■ PROBLEM TO SOLVE ■
Below are some records; copy them word for word and drop the pictures.

(INPUT DATA)

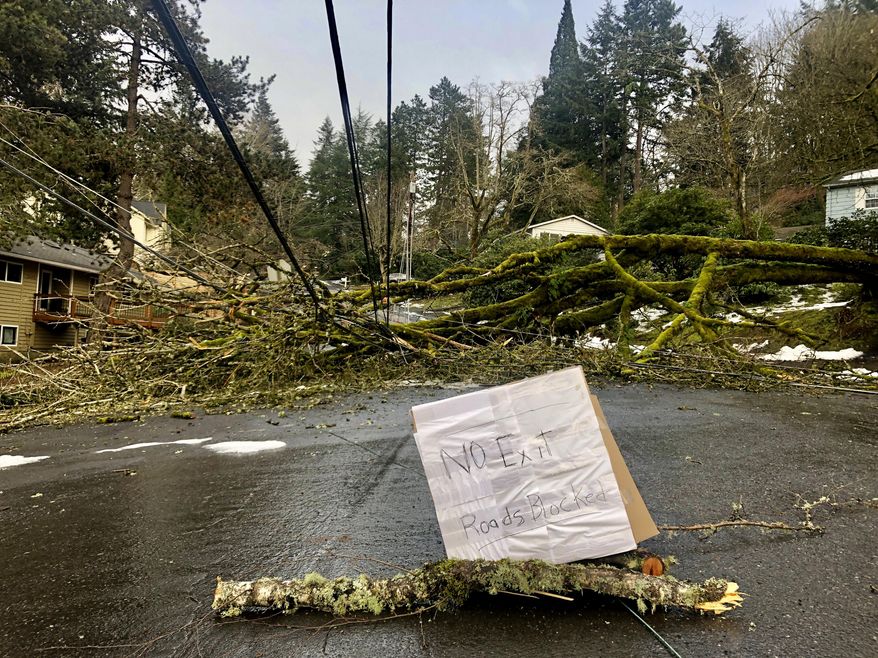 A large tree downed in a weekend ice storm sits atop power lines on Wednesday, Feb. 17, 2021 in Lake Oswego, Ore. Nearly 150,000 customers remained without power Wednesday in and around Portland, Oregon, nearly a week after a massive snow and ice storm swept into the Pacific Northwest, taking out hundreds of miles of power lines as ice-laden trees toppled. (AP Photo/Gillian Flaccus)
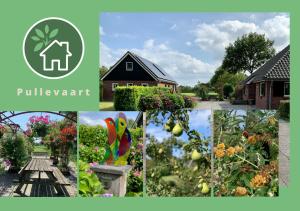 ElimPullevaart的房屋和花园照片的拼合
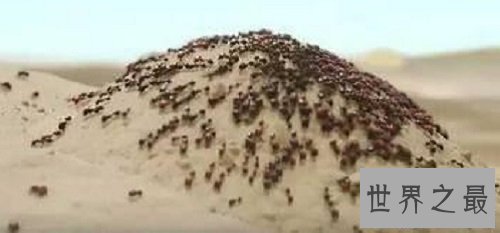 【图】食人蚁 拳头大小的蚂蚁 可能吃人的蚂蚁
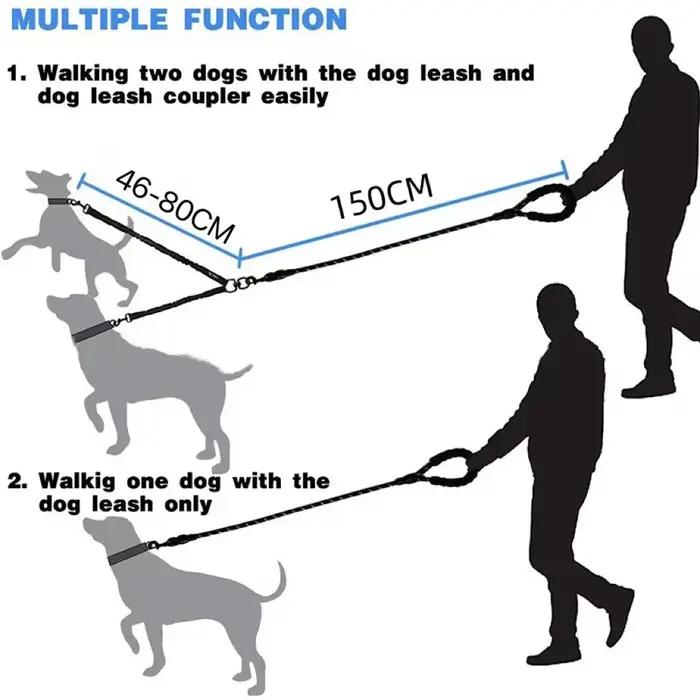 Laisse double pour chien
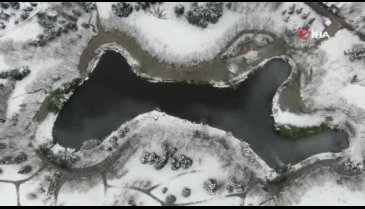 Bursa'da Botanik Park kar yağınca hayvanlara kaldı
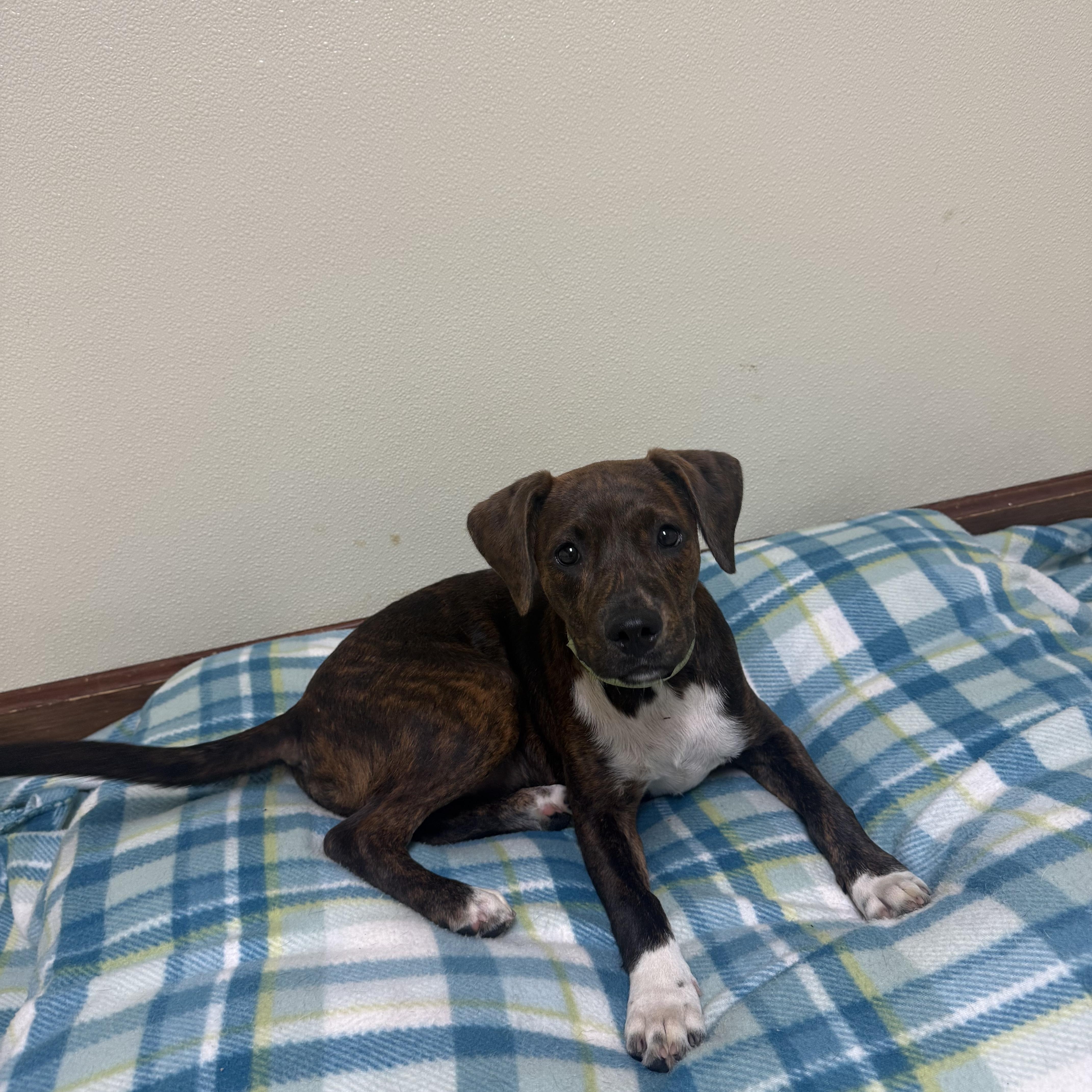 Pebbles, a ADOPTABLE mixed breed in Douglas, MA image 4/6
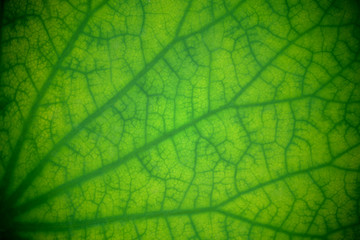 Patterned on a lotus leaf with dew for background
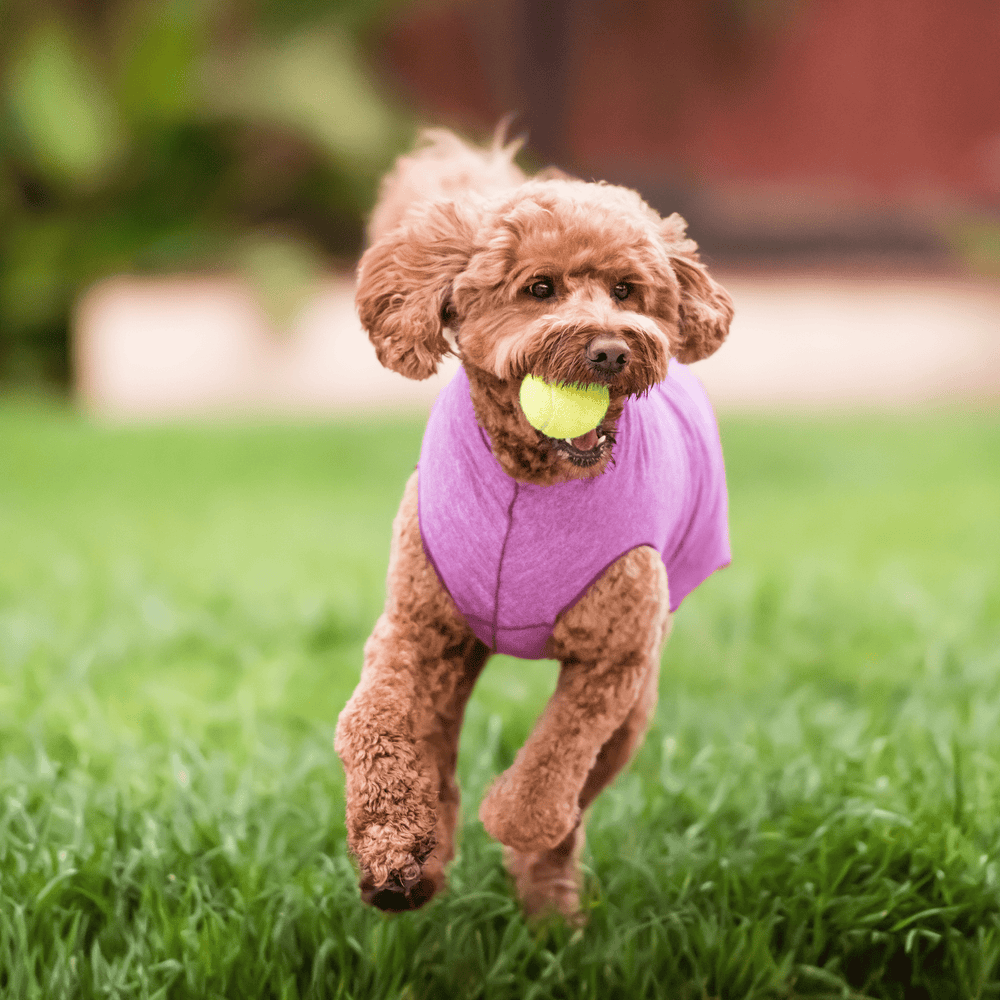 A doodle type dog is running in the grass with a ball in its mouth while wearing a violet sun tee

(End INPUT DATA)

■ SOLUTION BELOW ■
 A large tree downed in a weekend ice storm sits atop power lines on Wednesday, Feb. 17, 2021 in Lake Oswego, Ore. Nearly 150,000 customers remained without power Wednesday in and around Portland, Oregon, nearly a week after a massive snow and ice storm swept into the Pacific Northwest, taking out hundreds of miles of power lines as ice-laden trees toppled. (AP Photo/Gillian Flaccus)
 ElimPullevaart的房屋和花园照片的拼合
 【图】食人蚁 拳头大小的蚂蚁 可能吃人的蚂蚁
 Laisse double pour chien
 Bursa'da Botanik Park kar yağınca hayvanlara kaldı
 Pebbles, a ADOPTABLE mixed breed in Douglas, MA image 4/6
 Patterned on a lotus leaf with dew for background
 A doodle type dog is running in the grass with a ball in its mouth while wearing a violet sun tee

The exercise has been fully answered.